When SQL 2005 was in beta, I clapped my hands and jumped for joy the first time I played with partitioning. I’ve done a lot of data warehouse work, and partitioning lets the DBA break down massive tables into smaller, easy-to-manage chunks. We can put heavily accessed parts of the table onto fast storage, and less-accessed data onto slower, cheaper storage. The cool part is that it’s completely transparent to applications: they don’t have to know the table is even partitioned.
We implemented it almost as soon as SQL 2005 came out, and I kept wondering why more people didn’t take advantage of this feature. Sure, it’s not particularly intuitive, and there’s no GUI for it in SQL Server Management Studio, but it does work.
“Can partitioning help us?”
Fast forward to yesterday: I met with Mark Schmulen and David Lyman of NutshellMail.com. It’s a slick solution for those of us who work behind corporate firewalls that prevent us from accessing personal email sites like Gmail and Yahoo, as well as personal networking sites like Facebook and Myspace. When I worked for JPMorgan Chase, I was frustrated that I couldn’t get my personal email because I had a network of DBA buddies who all knew and used my personal email address. We would ask each other for support from time to time, and I liked being able to help out. At JPMC, though, the only way I could do that was contact all my friends and have them switch to using my corporate email – which I couldn’t check when I was outside of the office, so that was a lose-lose situation for me. NutshellMail gets around that by checking your personal email accounts on a schedule you select, and then sending you digest emails to your work address. Makes perfect sense, and I’d use it in a heartbeat – even if they weren’t using SQL Server for storage. (Bonus!)
We talked scalability, and they’d heard partitioning may be a good answer for future growth. I was pleasantly surprised to hear that the word about partitioning is getting out, and that was the first time I said no, partitioning isn’t the right answer for this one particular case. Having talked through that, I wanted to touch base on some of the reasons here.
Partitioned tables require Enterprise Edition.
Standard Edition can’t do partitioning, and Enterprise is a few times more expensive than Standard. On a 2-CPU box, we’re talking about a $30-$50k difference in costs. If we’re only using Enterprise for the partitioning, then there’s a better return on investment if we put that $30-$50k into faster storage instead. This is especially relevant for servers with direct attached storage, even in a raid 10 config. I wouldn’t consider partitioning unless the server had at least 10-20 drives for the data array alone.
Partitioning best practices means using both fast and slow storage.

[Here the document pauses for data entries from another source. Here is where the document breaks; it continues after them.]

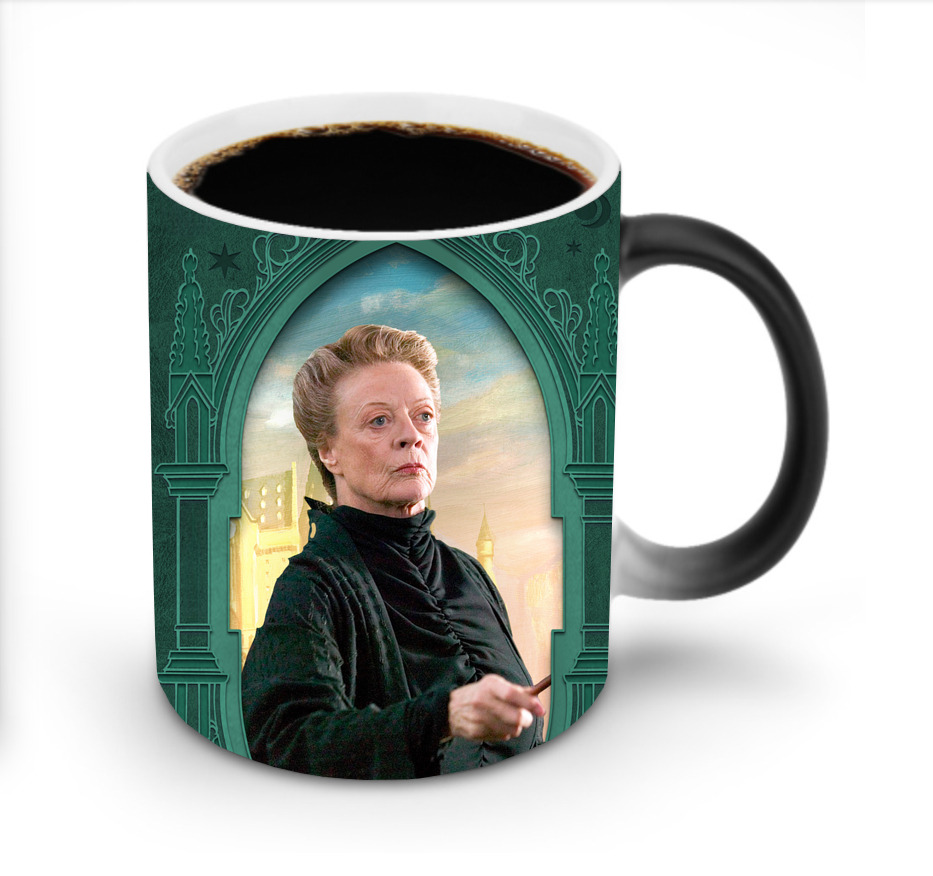 （画像用） Harry Potter ハリー・ポッターシリーズ 温度変色マグカップ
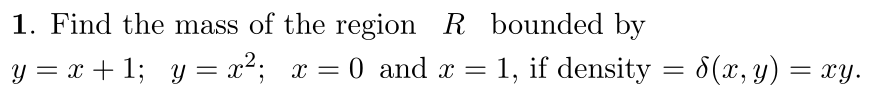 Problem 1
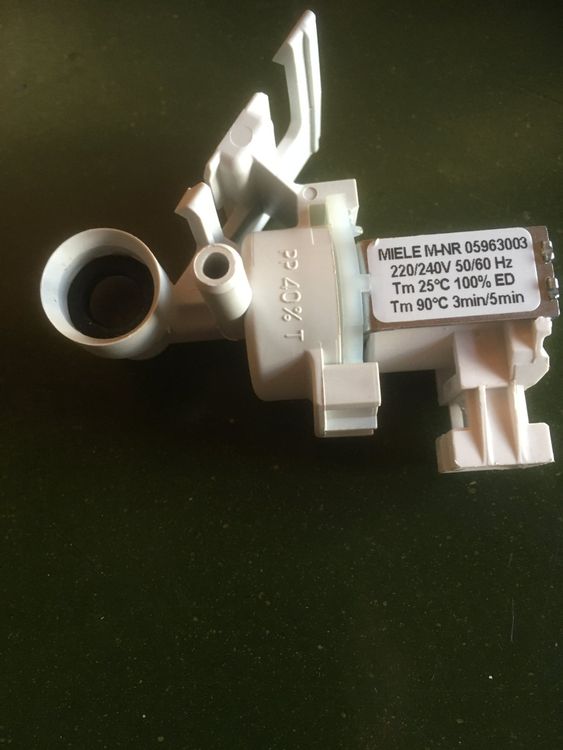 TangMengYun Magnetventil Für Geschirrspüler - Wassereinlassventil 45 Grad Ersatzteil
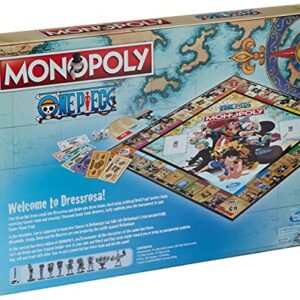 One Piece Monopoly Board Game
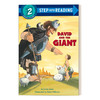 英文原版 Step into Reading 2 - David and the Giant 大卫和巨人 兰登分级阅读2 英文版 进口英语原版书籍 商品缩略图0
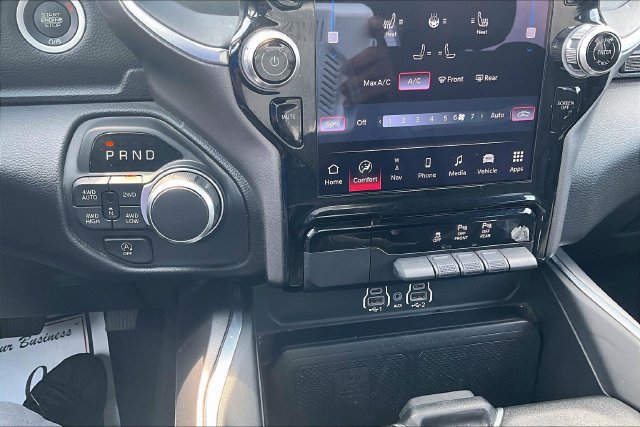 Used 2025 RAM 1500 Big Horn AWD/4WD image 34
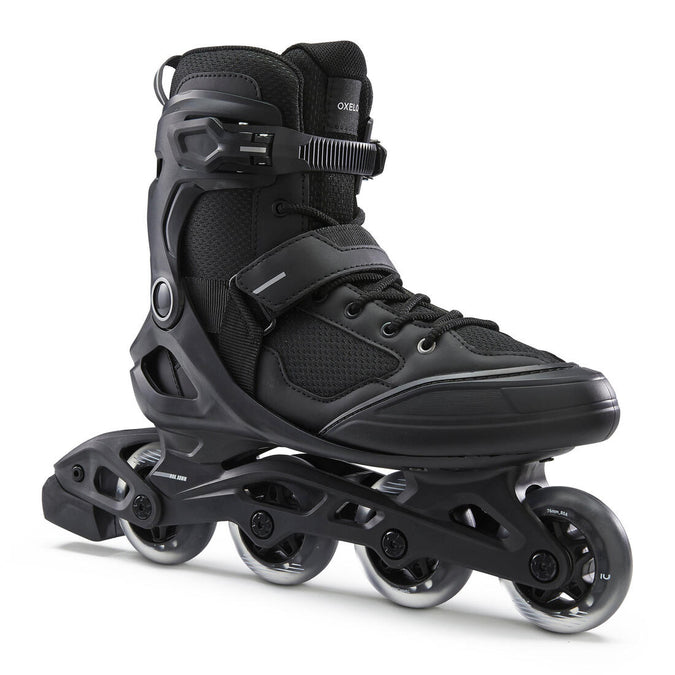 





Adult Inline Fitness Skates FIT100 - Black/Silver, photo 1 of 13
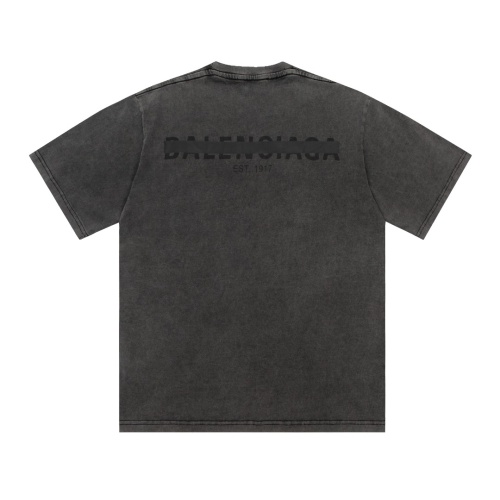 Balenciaga T-Shirts Short Sleeved For Unisex #1068492 $36.00 USD, Wholesale Replica Balenciaga T-Shirts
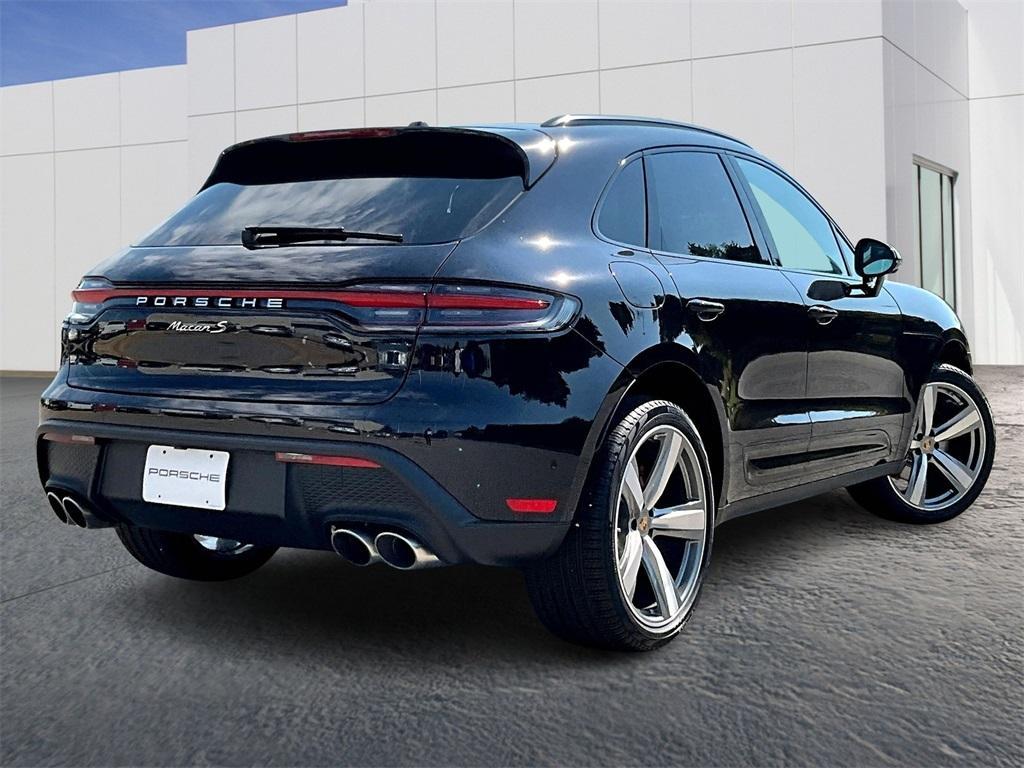 new 2026 Porsche Macan car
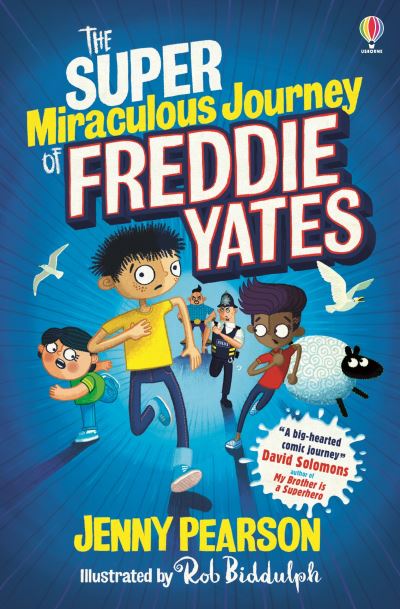 The super-miraculous journey of Freddie Yates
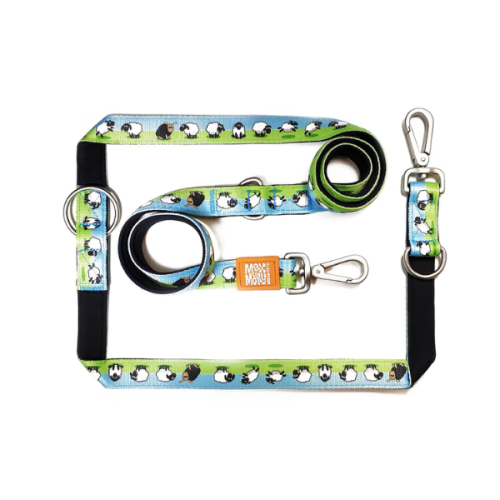 Max&amp;Molly Smycz przepinana dla psa Multi-Leash - Black Sheep.png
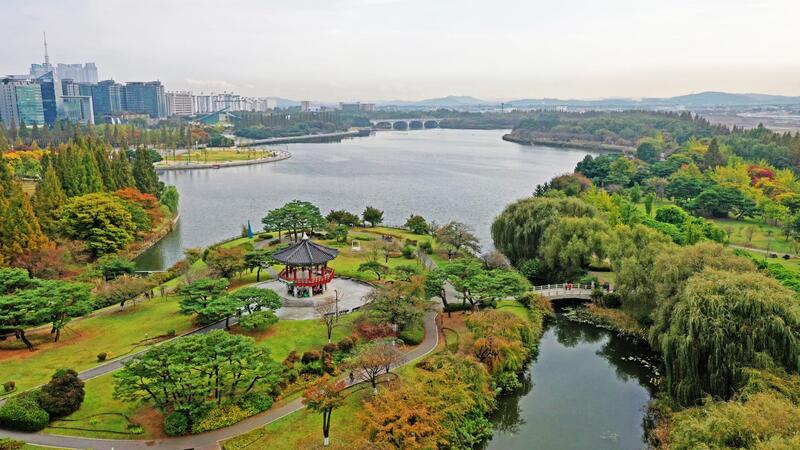 Du lịch Ilsan: Tìm về không gian lãng mạn của thảm xanh yên bình 2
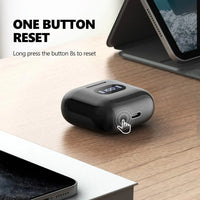 HKM-653011 Wireless Gaming Earbuds with LED Battery Display and Sport-Ready Design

In the case of a data warehouse, a sales table is loaded every night with the previous day’s sales data. The most recent data is under heavy load because it’s constantly being accessed by both the ETL processes and the daily reports – because users really want to know what happened in the last few days to a month. We have to keep years and years of sales data on hand for curious users who want to check trends, though, and we don’t want to keep all of that data on extremely fast (and extremely expensive) storage. (Yes, partitioning gurus, I know there’s work involved in moving data from one array to another, but sometimes it’s worth it.) If we partitioned by date range, we could keep the new data on fast storage, and shuffle the older data off to slower storage.
Partition functions and schemes are easy to design incorrectly.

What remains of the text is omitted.